Le critère de jugement principal associait mortalité toutes causes, récidive d'embolie pulmonaire et décompensation ou collapsus cardiorespiratoire, selon des critères préspécifiés, dans les sept jours suivant la randomisation. Au total, 558 patients ont été randomisés, d'un âge médian de 64 ans, dont 41 % de femmes.
Résultats de l’étude PRAGUE-26
La thrombolyse dirigée par cathéter, comparativement à l'anticoagulation seule :
- Réduit le critère principal composite de 90 % à sept jours (0,7 % contre 6,8 % ; RR = 0,10 [0,02-0,44] p < 0,001), avec un nombre de sujets à traiter de 16 patients,
- Doit ce bénéfice principalement à la diminution des décompensations ou collapsus cardiorespiratoires,
- S'accompagne d'une amélioration précoce du retentissement ventriculaire droit en échocardiographie,
- Ne montre pas de différence significative sur les événements hémorragiques à sept jours (4,6 % contre 5,0 % ; p = 0,846).
Deux hémorragies intracrâniennes sont survenues dans le groupe thrombolyse, contre aucune dans le groupe anticoagulation. Quatre décès sont survenus dans le groupe anticoagulation dans les sept jours, contre un décès dans le groupe thrombolyse à trente jours.
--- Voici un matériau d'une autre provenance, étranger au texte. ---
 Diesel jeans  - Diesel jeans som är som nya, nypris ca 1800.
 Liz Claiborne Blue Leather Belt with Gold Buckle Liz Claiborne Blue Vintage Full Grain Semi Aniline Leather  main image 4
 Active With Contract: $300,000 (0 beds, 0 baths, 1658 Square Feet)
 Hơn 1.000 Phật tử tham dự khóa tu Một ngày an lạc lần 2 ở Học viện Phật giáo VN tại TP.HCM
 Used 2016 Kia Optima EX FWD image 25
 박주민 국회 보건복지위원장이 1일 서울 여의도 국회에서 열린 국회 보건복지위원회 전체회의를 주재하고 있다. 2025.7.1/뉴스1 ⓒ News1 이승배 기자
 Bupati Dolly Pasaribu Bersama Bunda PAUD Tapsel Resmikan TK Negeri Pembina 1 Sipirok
Figure 1 : Graphical abstract of PRAGUE-26 (ESC 2026)
Conclusion
- PRAGUE-26 démontre qu'une thrombolyse dirigée par cathéter, simple et sans assistance ultrasonore, améliore le pronostic à court terme de l'embolie pulmonaire à risque intermédiaire-élevé.
- Le bénéfice porte essentiellement sur la prévention de la décompensation cardiorespiratoire, sans surrisque hémorragique global apparent.
- La faisabilité de cette stratégie a été établie à l'échelle d'un réseau national de centres tertiaires, selon un modèle organisationnel comparable à celui de l'infarctus du myocarde.
L'ampleur de l'effet, avec une réduction de 90 % du critère principal, doit être interprétée en tenant compte du caractère ouvert de l'essai. La décompensation cardiorespiratoire, composante qui porte l'essentiel du bénéfice, repose sur une appréciation clinique susceptible d'être influencée par la connaissance du traitement reçu, contrairement à la mortalité.
Le profil de sécurité mérite également d'être suivi. L'absence de différence sur les hémorragies globales est rassurante, mais les deux hémorragies intracrâniennes survenues sous thrombolyse rappellent que le risque neurologique, bien que rare, reste le facteur limitant de toute stratégie fibrinolytique.
Enfin, l'essai a été conduit dans un seul pays et exclusivement dans des centres à haut volume, ce qui limite la transposabilité directe des résultats. Les nouvelles recommandations européennes sur l'embolie pulmonaire, attendues en 2027, devront préciser la place de cette stratégie et les critères de sélection des patients.